At a certain point, I suppose, the question becomes “Why stop at a regular rest area, when we can stop at an inspiring one?”
Another question would be “What, exactly, even IS an inspiring rest area?” And also “Do I need to be inspired, or do I just need to pee?” And these questions are followed by “Why I am asking myself all these questions?”
This trip – a journey, really – that I went on in October was nearly 1,700 miles of driving and very nearly (it felt like) that many u-turns. This is but one example of something that caught my attention, but that didn’t catch it in time to just turn off the road like a normal person. (Doing anything “like a normal person” is not something I generally do anyway.)
A very nice woman in Alanreed, Texas, got the church keys from her mom and gave me a tour around the inside of the church. She showed me the whole place – the door where a homeless person broke in and the room where they lived for a while, some tiny Sunday school classrooms, the old church sign, and some very scary-looking stairs to the baptistry. This open hymnal was the best of everything she showed me.
When I’m out shooting, it’s often the only time I visit a particular location. That makes me think the place always looked the way it did prior to my photograph and would also continue to look that way forever. That makes me always a little surprised if I see it again and it’s different.
As it happened, five weeks after I made this image, I was back on the same street (at very nearly the same time of day). This time, most of the concert posters were gone from the window, there was a big motorcycle parked on the sidewalk, and the building was for lease. Maybe I’ll go back in five more weeks to see it again…
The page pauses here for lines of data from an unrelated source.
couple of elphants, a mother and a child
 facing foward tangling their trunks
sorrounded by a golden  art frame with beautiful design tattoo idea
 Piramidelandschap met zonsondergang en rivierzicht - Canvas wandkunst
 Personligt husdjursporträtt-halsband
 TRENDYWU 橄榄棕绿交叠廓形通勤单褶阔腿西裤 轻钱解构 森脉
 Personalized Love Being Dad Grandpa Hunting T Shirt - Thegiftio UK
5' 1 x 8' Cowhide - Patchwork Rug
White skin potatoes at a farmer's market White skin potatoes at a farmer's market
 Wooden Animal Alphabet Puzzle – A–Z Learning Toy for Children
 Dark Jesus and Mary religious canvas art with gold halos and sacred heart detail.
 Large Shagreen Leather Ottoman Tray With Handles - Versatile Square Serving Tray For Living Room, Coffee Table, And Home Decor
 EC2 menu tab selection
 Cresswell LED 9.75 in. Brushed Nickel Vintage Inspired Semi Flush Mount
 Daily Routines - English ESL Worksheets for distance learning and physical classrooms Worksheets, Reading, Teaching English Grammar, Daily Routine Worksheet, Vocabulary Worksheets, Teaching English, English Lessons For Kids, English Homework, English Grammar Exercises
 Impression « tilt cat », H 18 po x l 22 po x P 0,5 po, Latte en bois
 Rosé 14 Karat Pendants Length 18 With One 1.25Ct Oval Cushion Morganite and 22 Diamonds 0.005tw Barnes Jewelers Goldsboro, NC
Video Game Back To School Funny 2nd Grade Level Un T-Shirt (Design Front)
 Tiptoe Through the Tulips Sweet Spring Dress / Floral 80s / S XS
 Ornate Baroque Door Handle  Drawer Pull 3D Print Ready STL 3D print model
Once, in Lebanon, Nebraska, we were looking in a cemetery for a particular grave. The posted map didn’t match the cemetery’s layout at all – for all the help in provided it could well have been a map of the country of Lebanon.
I always do look for the map (or in this case, the fancier-sounding Memorial Directory) when I’m wandering around cemeteries. It’s sort of like how I always want to see the caretaker’s shack: it ties into my continual interest in the way things work.